Público - 27 de Abril

Nascituros de Todo o País, Organizai-vos!
Por ANTÓNIO SILVA

Um dos aspectos que mais impressiona os alunos no estudo da sociedade medieval é a desigualdade natural entre as ordens que determinava a isenção fiscal dos privilegiados em contraste, hoje escandaloso, com as pesadas obrigações a que estavam sujeitas as classes populares. À medida que se explica cada um dos tributos, aumenta a indignação: a fossadeira, as portagens e outros direitos de passagem, a sisa, a terrível dízima, corveias, jugada, alcavalas, fintas, etc. Os alunos sentem-se gratificados por viverem hoje numa sociedade diferente.
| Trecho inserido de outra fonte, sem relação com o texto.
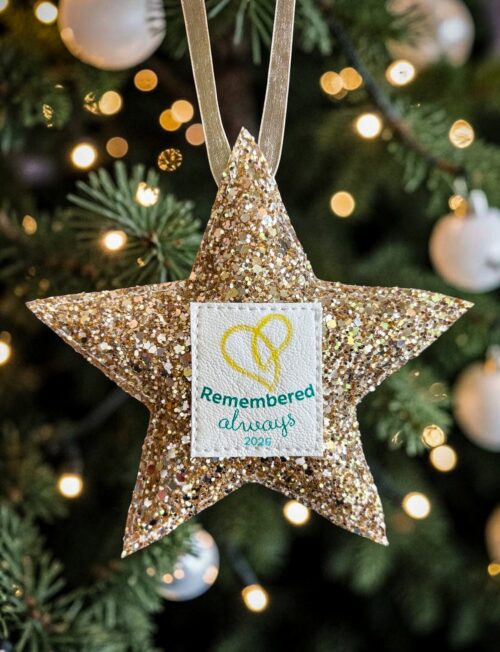 2026 Christmas Star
Concedo-lhes alguns minutos de satisfação, após o que introduzo o rol de obrigações fiscais a que, não tarda, estarão sujeitos: o IRS, o IVA, a sisa, taxas e emolumentos, portagens, imposto de circulação e o IA, contribuição autárquica, sucessório, etc. E nem lhes dou tempo para se recomporem. A seguir, lembro, não as isenções, mas as evasões: os profissionais liberais que pagam, em média, quantias irrisórias, bancos que não pagam ou pagam pouco, profissionais de desgaste rápido e jipes para passear Fifis, construtores que apresentam défices sucessivos sem abrir falência, colunáveis que declaram o salário mínimo que mal chega para o Cohiba com que aparecem fotografados nas revistas mundanas, a corrupção instalada ao mais alto nível, etc. Eles indignam-se e, às vezes, desabafam:

- Mais vale ir nascer a outro lado!

Pode haver quem discorde mas, para mim, isto é formação cívica. Os cidadãos apercebem-se, cada vez mais cedo, que o Estado não pode ser uma entidade estranha à Nação de onde deveria emanar, para que não se refiram ao Estado com o pronome "eles", tal e qual os plebeus se referiam aos senhores medievais. Se não, antevejo problemas. É que, como dizia o outro, Portugal dá vontade de morrer. Não tarda, recusam-se a nascer. Já há uma vanguarda esclarecida que abre os olhos antes de ser dada à luz e só a ferros vem ao Mundo, vítima de invasão abusiva do espaço "domiciliário", sem mandado judicial sequer. Basta que, numa terminologia um bocadinho ultrapassada, os nascituros adquiram consciência de classe e já estou a imaginar o caos nas maternidades, com os predestinados à nacionalidade portuguesa a recusarem um estatuto que não escolheram e a defenderem com unhas e sem dentes um direito que é deles, fincando os pés na ombreira, recusando-se a sair:

- Para aí não vou! Não saio, não vou e não saio! Prontos!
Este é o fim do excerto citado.